Robustness metrics formalise different aspects of how consistently an alternative performs across the future ensemble. The satisficing rate of alternative \(a\) at threshold \(\theta\) is the fraction of futures in which the outcome meets or exceeds the threshold:
\[ S(a, \theta) = \frac{|\{\omega \in \Omega : Z(a, \omega) \geq \theta\}|}{|\Omega|} \]
The maximum regret of alternative \(a\) across the ensemble is \(\max_{\omega \in \Omega} r(a,\omega)\). The P90 regret is the 90th percentile of the regret distribution across futures, providing a less extreme but more robust measure of tail exposure.

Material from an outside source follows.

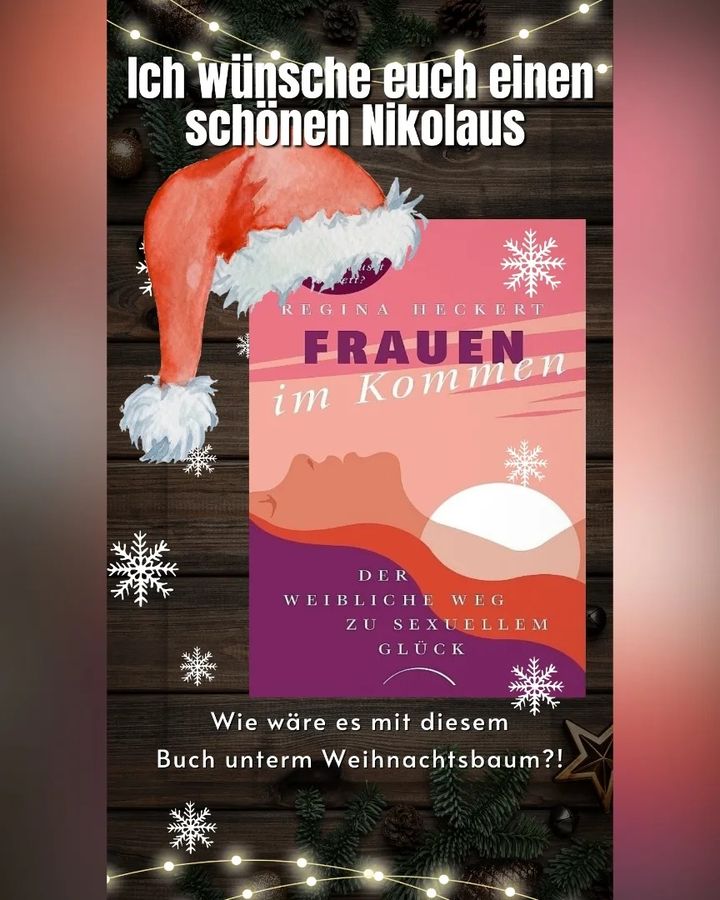 🎅🎄Einen schönen Nikolaus wünsche ich euch 🎅🎄
Geschenkidee 🎅..... - BeFree Liebesschule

These three metrics capture complementary dimensions of performance under uncertainty and are computed together in the DecisionSummaryArtefact for each pathway comparison.
Value of information concepts bridge decision analysis and progressive refinement. The Expected Value of Perfect Information (EVPI) under a probability distribution \(\pi\) is:
\[ \text{EVPI} = \mathbb{E}_\pi[\max_a Z(a, \omega)] - \max_a \mathbb{E}_\pi[Z(a, \omega)] \]
It measures the maximum one would pay for a perfect oracle. In the DMDU context, where \(\pi\) is contested, EVPI is replaced by the regret-sensitivity equivalent: how much does the maximum regret of the preferred alternative change if uncertainty about a specific uncertain driver is resolved? This measure, computed by re-running the ensemble with specific driver dimensions held fixed, identifies which uncertainties most determine the pathway comparison and therefore which analytical investments in better data or richer representation are most valuable.
Multi-criteria formulations extend the single-outcome framework to settings where multiple dimensions of consequence must be considered. The scalarisation approach converts multiple criteria \(Z_1(a,\omega), \ldots, Z_k(a,\omega)\) into a weighted composite \(\sum_i w_i Z_i(a,\omega)\). This is tractable but depends on the weights being meaningful and widely accepted. Pareto reasoning identifies the set of non-dominated alternatives, those for which no other alternative is strictly better on every criterion simultaneously. The Pareto approach preserves trade-off information rather than suppressing it, but it requires a second-stage rule for choosing among the non-dominated set. Threshold-based multi-criteria comparison asks which alternatives simultaneously satisfy threshold conditions across all criteria and across a sufficient fraction of the future ensemble, aligning naturally with satisficing and robustness reasoning under deep uncertainty.